What is better between Agents and Direct Connection ? How can I scale vertically, horizontally, etc.?

VincentF · September 17, 2024, 4:07pm

I’m setting up a connection to an external system. I want to load data from this system.
I have 2 main options:

Agents based connection
Direct connection

Which one should I use ? When ? What are the pros and cons of both ?
How do they scale up vertically, horizontally, dynamically ?

VincentF · September 17, 2024, 4:34pm

Note: the below is only a simplification of all the options available. The docs are more precise and exhaustive, but this should be a start.

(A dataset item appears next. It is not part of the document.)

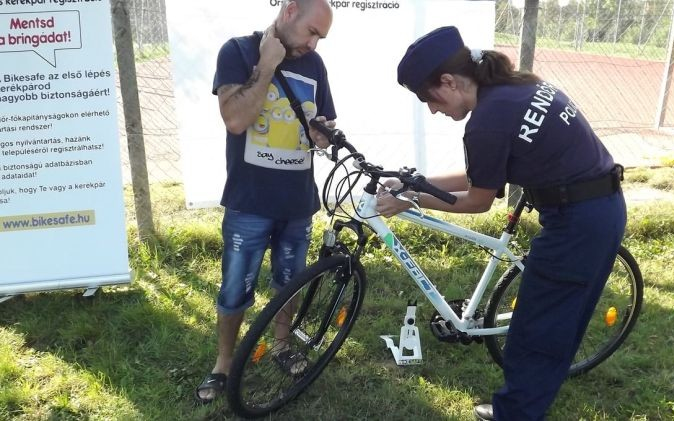 Három alkalommal jelölik a bringákat szeptemberben a rendőrök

First, what is the difference:

Direct connection is a container spun up on-demand to ingest data whenever you need this data to be ingested. It requires egresses to be setup (=authorization to “reach out” to given systems). It can only reaches system that have an IP or a URL that is internet-accessible, as the URL/IP is resolved from Foundry directly.
https://www.palantir.com/docs/foundry/data-connection/set-up-direct-connection/
An Agent proxy behaves like an inverting network proxy, forwarding network traffic originating in Foundry into the network where the agent is deployed, and relaying traffic back to Foundry. This is useful for some specific type of sources.
An Agent worker also historically called Agent is a small piece of software, that runs on (most often) a linux host machine, which can access (network wise) the source system you want to pull data from and your Foundry instance.
https://www.palantir.com/docs/foundry/data-connection/set-up-agent/

Different capabilities are supported by the different means to connect.
https://www.palantir.com/docs/foundry/data-connection/core-concepts/#capabilities.

Other useful vocabulary:

A Source = the description in Foundry of an external source system, which it can connect to, include credentials, URLs, etc. and other information relevant to connect. (e.g. My Postgres Database)
A Sync = the definition of an ingestion job, some data to load and how to load it. (e.g. SELECT * from MY_TABLE) - Note: you will find better definition directly in the docs, there https://www.palantir.com/docs/foundry/data-connection/core-concepts/ which encompass batch sync, stream sync, media syncs etc.

What should I use ?

Use Direct Connection when you can. That’s less to setup, simpler to maintain (no linux box to handle), scales better to increased loads.
Use Agent proxy if you can. Today it is only usable for a subset of sources: REST sources, virtual tables for some source systems, … but it will expand in the future.
Use Agents worker/Agent if required to reach out to on-prem systems, systems not internet-accessible, having no public IP or URL, etc. when Agent proxy is not a viable option.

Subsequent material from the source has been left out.